USD Index Price Analysis: Further consolidation in the pipeline

dollar’s downtrend is persisting in the market this week with the US Dollar Index (DXY) breaking below the long-term support level of 90.00. Although it surged on Thursday, the DXY failed to hold onto its gains, surrendering a part of its advance on Friday as the currency pair’s bullish momentum faded.

At the start of the week, the dollar was still under pressure from uncertainties surrounding the US Federal Reserve’s policy stance. Fed chairman Jerome Powell has recently reiterated that the central bank remains committed to keeping interest rates near zero and its monthly bond purchases until the economy recovers from the pandemic-induced crisis. This has kept the US dollar on the backfoot, as it lost its safe-haven status amid mounting concerns about the US political and economic outlook.

Moreover, the greenback’s downtrend is driven by a combination of factors that have been brewing for some time now, including the US’s huge trade and budget deficits, a rising anti-dollar sentiment among investors, and the ongoing Covid-19 crisis that has caused immense disruption to the US economy.

Since the turn of the year, the DXY has declined approximately 15% against a basket of major currencies, including the Japanese yen, euro, pound, and Canadian dollar. The bearish trend has been consistent enough to indicate that the dollar may end up facing more downside pressure until it finds solid support.

Additionally, the current market sentiment surrounding the US currency has been weakened further by the rising tensions between the US and China. The Trump administration’s strong-arm tactics against China have been a significant factor in ramping up tensions between the two biggest economies, as they continue to spar over issues such as trade, technology, and security.

One of the primary drivers of the dollar’s weakness is the Federal Reserve’s monetary policy stance. Its emphasis on low interest rates and its ongoing bond buying program to support the US economy has been a significant contributor to a decline in the value of the dollar. The Fed has kept rates near zero throughout the pandemic, and this trend is set to continue until the unemployment rate falls to pre-pandemic levels of around 3.5%.

The low interest rates have also contributed to a higher degree of liquidity in the financial markets, which has led many investors to seek riskier assets instead of holding on to safe-haven ones such as the dollar. This has acted as a further stimulus to the relative decline of greenback.

Another factor driving the dollar’s weakness is the US’s current account deficit, which has been swelling since the 1990s. The gap between the country’s imports and exports is now at an all-time high, reaching over $600 billion in 2020. This has led to a significant outflow of dollars from the US to other countries, increasing the supply of dollars and, therefore, putting downward pressure on its value.

Furthermore, data released by the US Treasury showed that China, the largest holder of US debt, had reduced its holdings of US treasuries for the sixth successive month, a development that further weighed on the dollar.

In conclusion, the US dollar is likely to struggle for the foreseeable future, given the negative factors affecting its value. The Federal Reserve’s monetary policy stance and ongoing efforts to support the economy, combined with the US’s huge trade and budget deficits, are likely to keep the dollar under significant pressure.

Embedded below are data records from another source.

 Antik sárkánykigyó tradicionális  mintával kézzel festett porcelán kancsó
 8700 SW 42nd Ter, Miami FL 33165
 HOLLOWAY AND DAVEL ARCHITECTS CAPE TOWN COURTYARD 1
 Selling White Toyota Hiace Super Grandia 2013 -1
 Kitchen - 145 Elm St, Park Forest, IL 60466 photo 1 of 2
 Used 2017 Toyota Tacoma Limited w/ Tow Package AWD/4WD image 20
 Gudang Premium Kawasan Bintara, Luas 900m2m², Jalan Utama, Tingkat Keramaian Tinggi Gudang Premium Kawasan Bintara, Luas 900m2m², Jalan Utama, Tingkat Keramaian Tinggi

Additionally, mounting geopolitical risks, such as the tensions between the US and China, are making the greenback less attractive to investors.

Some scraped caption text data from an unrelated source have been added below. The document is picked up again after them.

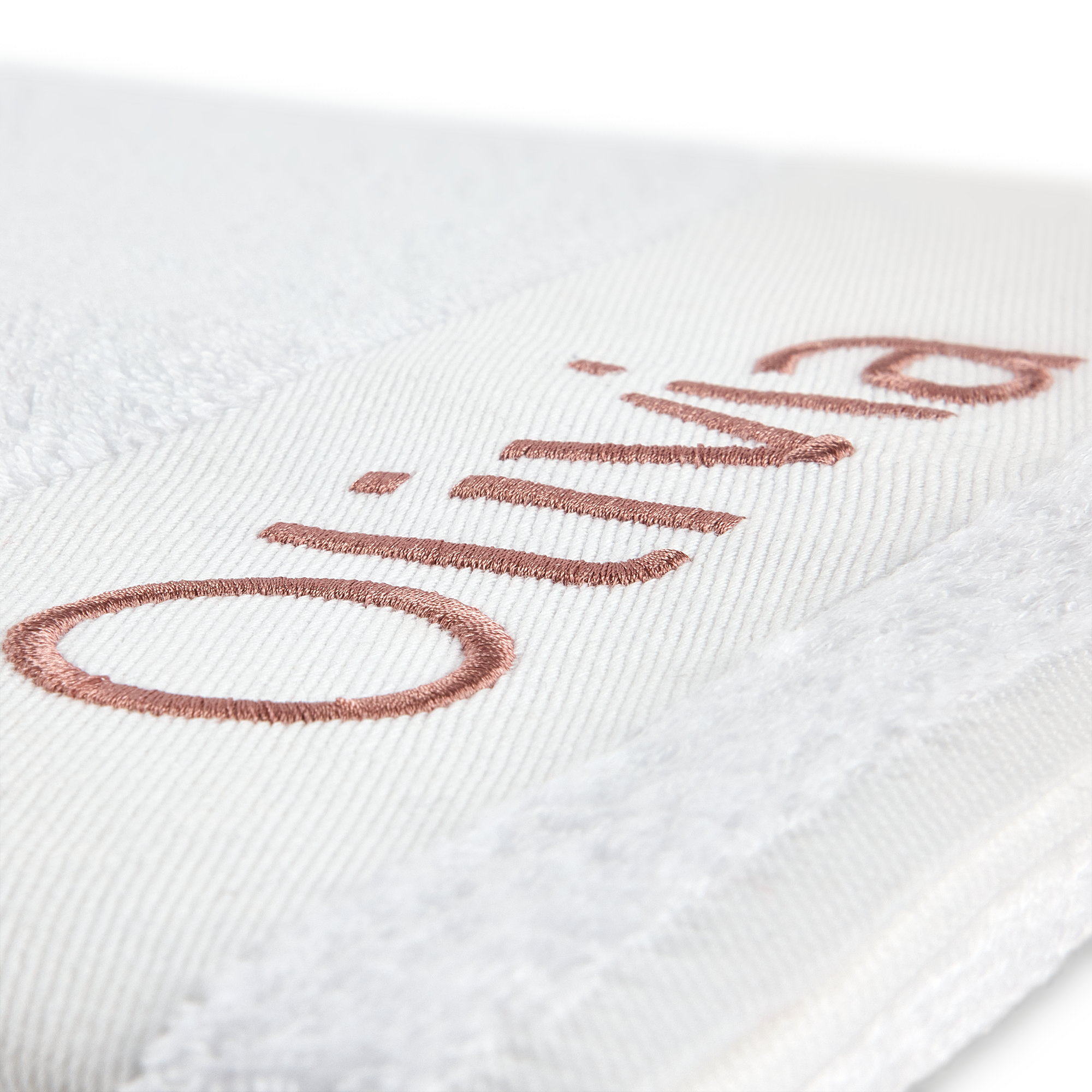 Personalisiertes weißes Badetuch mit gesticktem Namen Olivia in Roségold. Schaffen Sie etwas Besonderes mit diesem Text.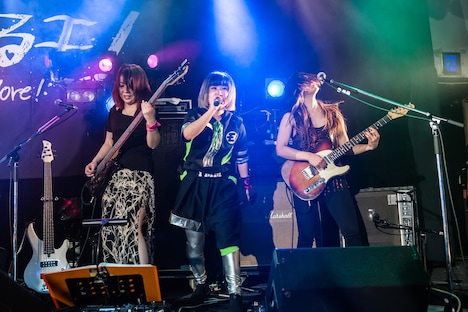 左からshioRi、しふぉん、Yuko。（Photo by shinz）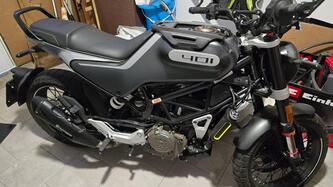 Husqvarna Svartpilen 401 (2020) usata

As the dollar index continues to surrender gains, breaking key support levels, technical analysts are drawing attention to the significant downside risks for the dollar. Looking ahead, it is important to keep an eye on any developments that could impact the US currency’s value in the months and years ahead. It is worth noting, however, that the dollar has been able to recover from periods of weakness in the past, and it is possible that it could eventually bounce back should economic fundamentals shift in its favor.